2. Your conditioner bottle does not understand that less is more

You've made it about halfway through the shower with no major mishaps.  It is now time to start conditioning your precious locks, and you reach for the bottle.  You squeeze, but apparently there was a bubble or a clog or a something that caused the bottle to lose its freaking mind and vomit conditioning fluid all over your outstretched palm.  Your hand will never become un-slippery, because washing off soap like this only makes the soap more soapy.  You run your hand through the water, but now the rest of the conditioner is wet and you can't put wet conditioner in your hair because you remember that one time someone told you that conditioner slides out of your hair if it is too wet.  In addition, this much conditioner is never going to wash out of your hair all the way, and even though you did take a shower today, tomorrow your hair will be a grease ball and people will wonder if you spend your days rolling in oil and if your shower is boarded up like a condemned house.  To make matters worse, now that half of your conditioner has just committed suicide, you are going to have to replace the product sooner than you had originally planned.  What food item are you going to cut out that week to make room for extraneous conditioner-purchasing?  Hmm?

3.  You did not possess the proper amount of foresight to plan for after the shower

So you survived this far.  You didn't drown, you didn't slip and die.  Maybe you even remembered to bring all of the right supplies for this shower.  You're feeling pretty good; that cleansed, productive feeling is just moments away.  You turn off the water, step out onto the rug so your delicate little toes do not have to touch the cold tile.  You reach for your towel, so you can start blotting off the water while you're still here, surrounded by warmth and steam.  But there is no towel.  And you're pretty sure it wasn't stolen, because it wasn't an expensive towel and also you remember meaning to put it back in the bathroom after your last shower experience -- but then you also remember thinking I'll just check facebook and watch one episode of Regular Show, and now there is no towel, and the heat is rapidly leaving your body and escaping the room through the crack under the door and you can't exactly dry off with the bath mat... So what are your options?  Run wet and naked through the house until you locate the towel?  Do you have hardwood floors?  Because if the answer to that is yes, then a flowchart of this dilemma would travel from "hardwood floors" to "instant death."  You are not going to survive a marathon sprint for the towel.  What remotely soft, fabriclike thing do you have at your disposal that can sop up the water?  You close your eyes.  This isn't happening.  There must be something else I can do.  There isn't.  You reach for the toilet paper.  You shake like a dog, hoping to get some of the water off before you wrap yourself in double-ply.  You exit the bathroom a terrifying, dripping mummy.  There is nothing cleansing about this; this shower was a complete failure.

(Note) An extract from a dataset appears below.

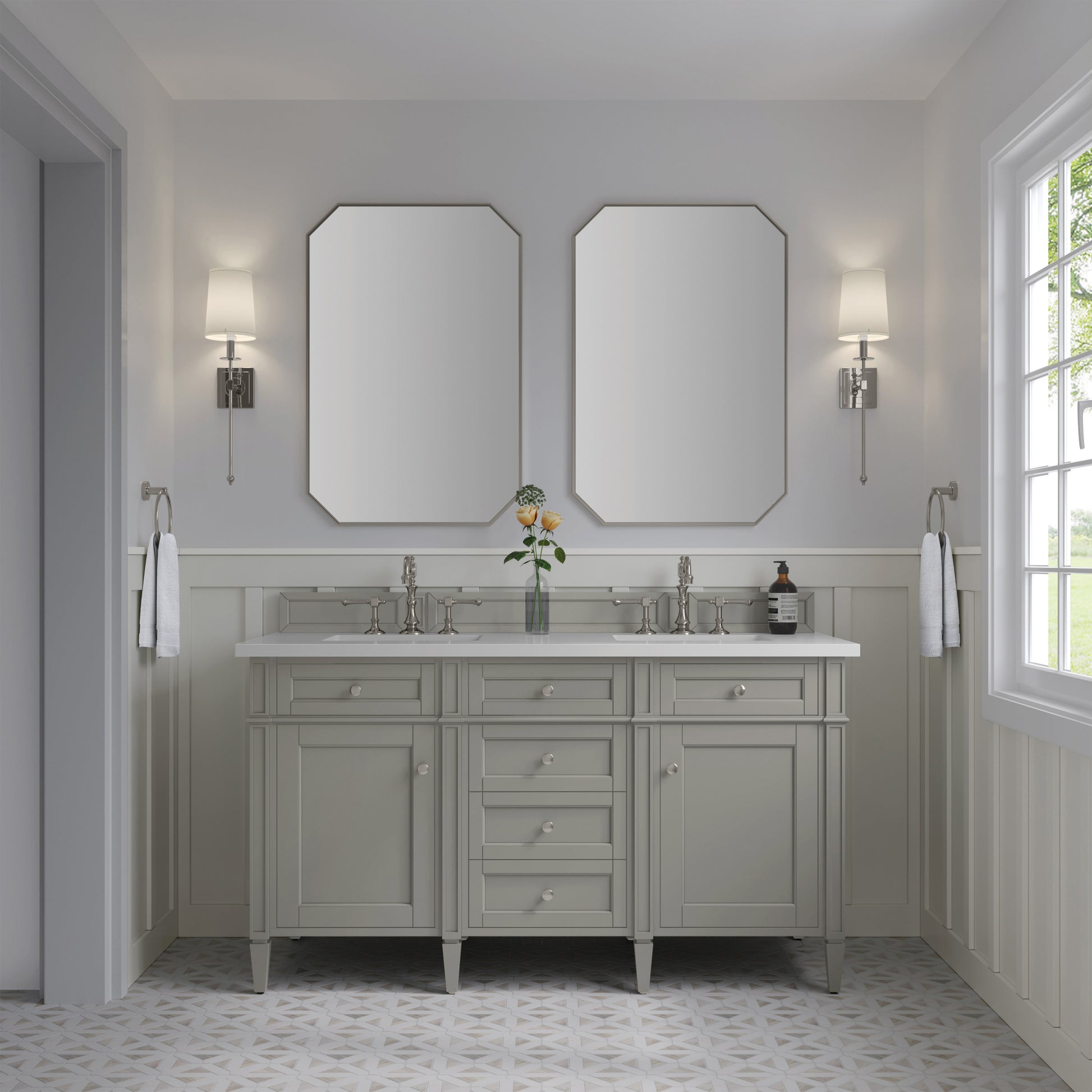 Renovate for Less Atlanta Brittany 60" Double Vanity, Urban Gray w/ 3 CM White Zeus Silestone Top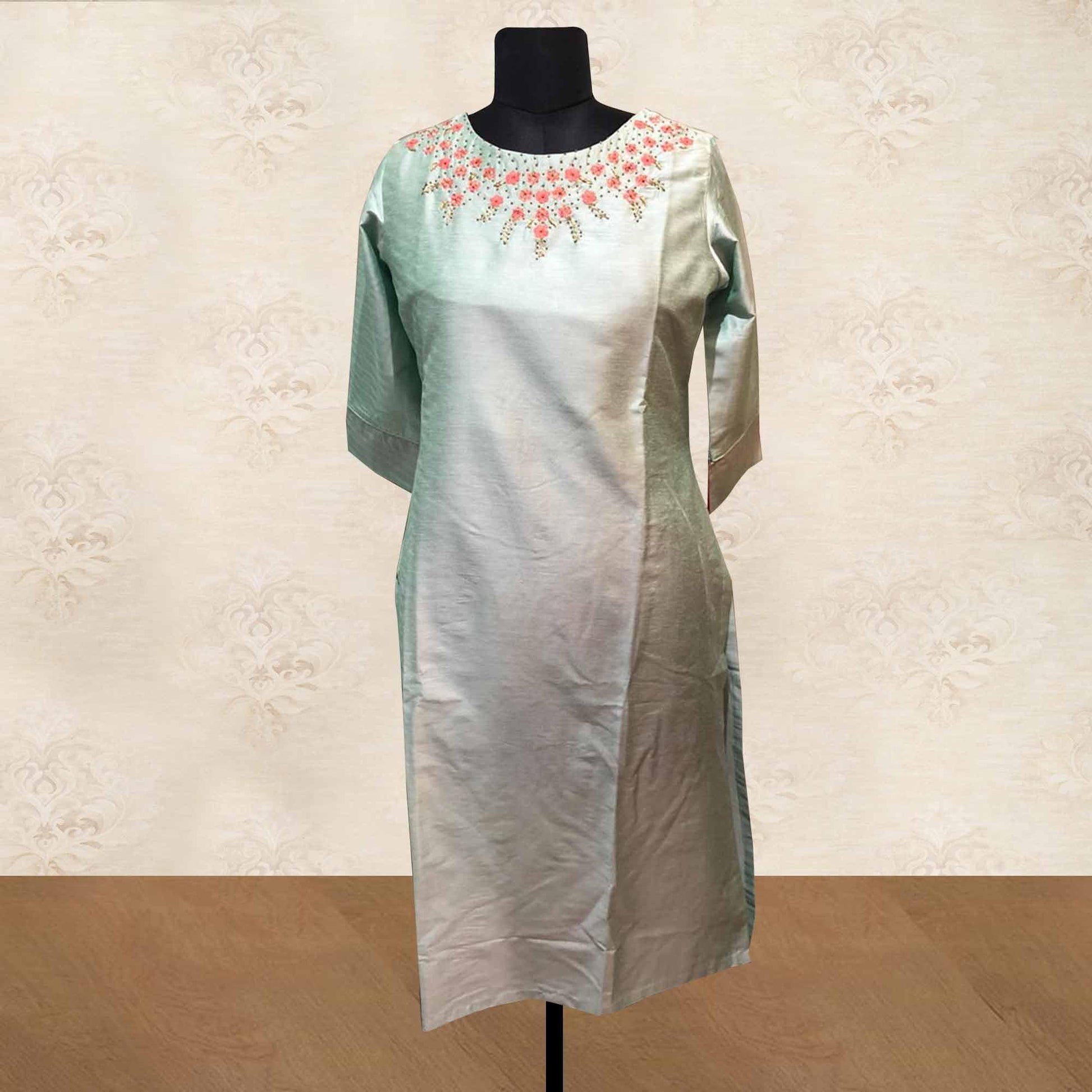 Mint Green Floral Embroidered Art Silk Kurti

4. Water is not the only thing falling from the sky

You remembered your towel.  You are not going to have to exit the bathroom as a mummy, not after last time.  You even remembered all of your shower products.  But nothing could prepare you for the horror you are about to experience.  You bask in the water for a minute, close your eyes and imagine that you are in some magic tropical location where the waterfalls are 100 degrees and a handsome native is waiting for you with a towel and a margarita.  Today is going to be a good day.  Then, you hear a small splash.  You look down.  Suddenly, you are not alone.  A thumbprint of black has appeared from out of the heavens and is now floating around in the water, fighting against the current of the drain.  There is nowhere to run.  You are trapped here, in this porcelain tomb, with a cockroach, and there is no way out.  You can't step on it; even in the shower, surrounded by soapy water, you are not about to get cockroach guts on your feet.  Your best bet is to hope it loses the battle with the current and gives up struggling, then you can step out of its way as it floats down the drain to its doom.  You better hope it didn't see your face, or it is almost definitely going to tell the other roaches in the sewer what you look like and they will come for you.  It might not be this shower.  It might not even be this year.  But they are waiting for you, and they will make you pay for letting their comrade get carried away while you just stood there pointing and screaming.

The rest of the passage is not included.